From Casetext: Smarter Legal Research

Prudence Securities Corp. v. Commissioner

Circuit Court of Appeals, Second Circuit
Mar 30, 1943
135 F.2d 340 (2d Cir. 1943)

Opinion

No. 158.

March 30, 1943.

Petition to Review a Decision of the Tax Court of the United States.

Petition by Prudence Securities Corporation to review an order of the Tax Court redetermining a deficiency in tax imposed by Commissioner of Internal Revenue.

Affirmed.

Prudence Company, Inc., was reorganized under § 77B, its successor corporation, pursuant to its plan of reorganization being Prudence Realization Corporation. There was also perfected a reorganization plan under § 77B, Bankr.Act, 11 U.S.C.A. § 207, for the guaranteed collateral trust 5½% bonds of Prudence Company, Inc. Pursuant to that latter plan of reorganization, petitioner and two subsidiary corporations of petitioner were created; the object of that reorganization, as recognized in the plan and as petitioner admits, was the liquidation over a period of years of real estate and mortgages which could not be sold for an amount sufficient to retire the indebtedness which such mortgages secured. In accordance with that plan, all the assets of Prudence Company, Inc., which had been pledged as security for its 5½% bonds were transferred in part to petitioner and in part to its two subsidiary corporations. The stock of those two subsidiaries and certain bonds of one of them were issued to petitioner, which, in turn, deposited all of its stock (ten shares with an aggregate par value of $1000) under a voting trust agreement; the voting trustees issued all the voting trust certificates to the bankruptcy trustee of Prudence Company, Inc., who later transferred them to Prudence Realization Corporation.

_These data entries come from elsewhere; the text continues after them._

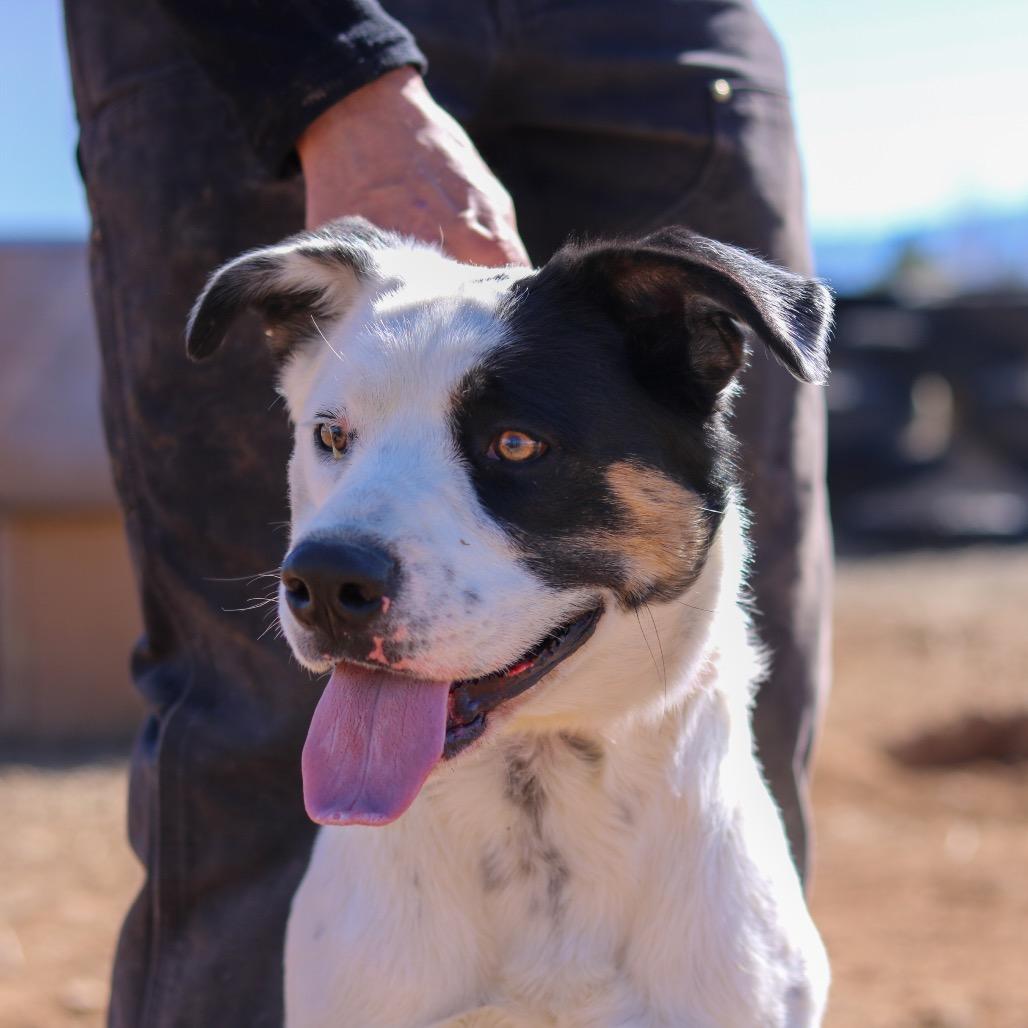 Buzz, a Adoptable mixed breed in Taos, NM image 1/2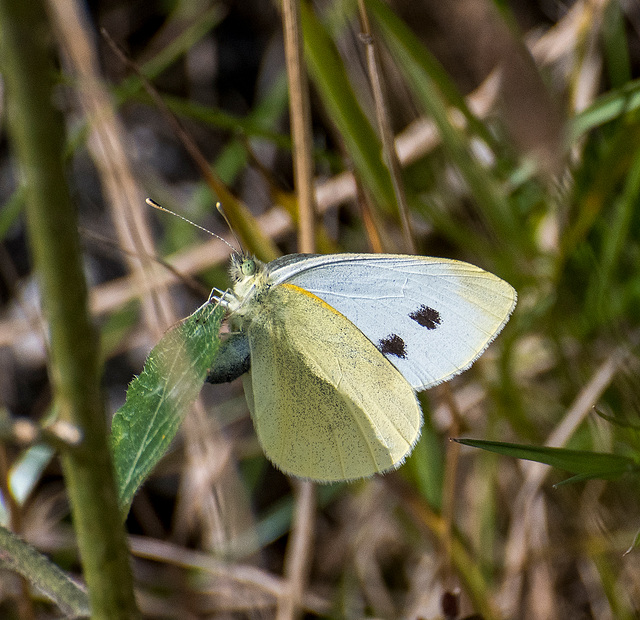 Small white butterfly2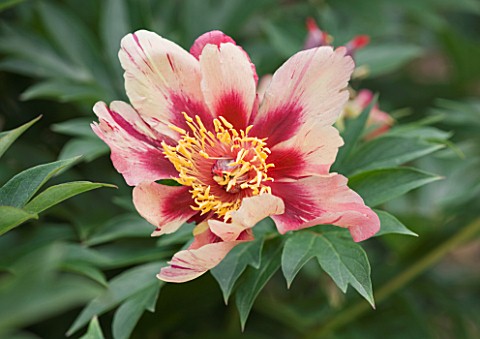 JO_BENNISON_PEONIES__LINCOLNSHIRE_CLOSE_UP_OF_PEONY_ITOH_HYBRID_COURT_JESTER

In exchange for the outstanding 5½% bonds of Prudence Company, Inc., there were issued, and are now outstanding in the hands of the public, bonds of the petitioner known as Series A bonds due May 1, 1961, in the aggregate face amount of $6,966,850; they are secured, under an indenture, by the assets acquired from Prudence Company, Inc., and by the stock of petitioner's subsidiaries. Secured by the same indenture, but subordinate to the A bonds, there was authorized to be issued, and there were issued, Series B bonds, due May 1, 1966, in the face amount of $847,750. These B bonds were delivered to the Prudence Realization Corporation, which, as above noted, owns all the voting trust certificates for all the stock of petitioner. Thus petitioner is a wholly owned subsidiary of Prudence Realization Corporation, which owns all petitioner's B bonds.

They were issued "in exchange" for 5½% bonds of Prudence Company, Inc., not outstanding but held by that debtor itself.

The B bonds provide that interest should be paid thereon at the rate of 5½% per annum until the principal of such bonds was paid, and that unpaid interest should cumulate. But, as the Tax Court said: "The conditions under which the interest or the principal of the Series B bonds shall be paid include (1) a completed event of default, and (2) not until all bonds of Series A shall be paid, retired or redeemed or provided for in full, after which the provisions applying to the payment of interest on the Series A bonds shall apply to the payment of interest on the Series B bonds. These conditions are not in the alternative but are meticulously stated as in the conjunctive. In other words, even in the event of a default, no interest on the Series B bonds is payable unless and until all the bonds of Series A have been paid or provided for, as specified. No obligation to pay interest on the Series B bonds arose until that contingency occurred."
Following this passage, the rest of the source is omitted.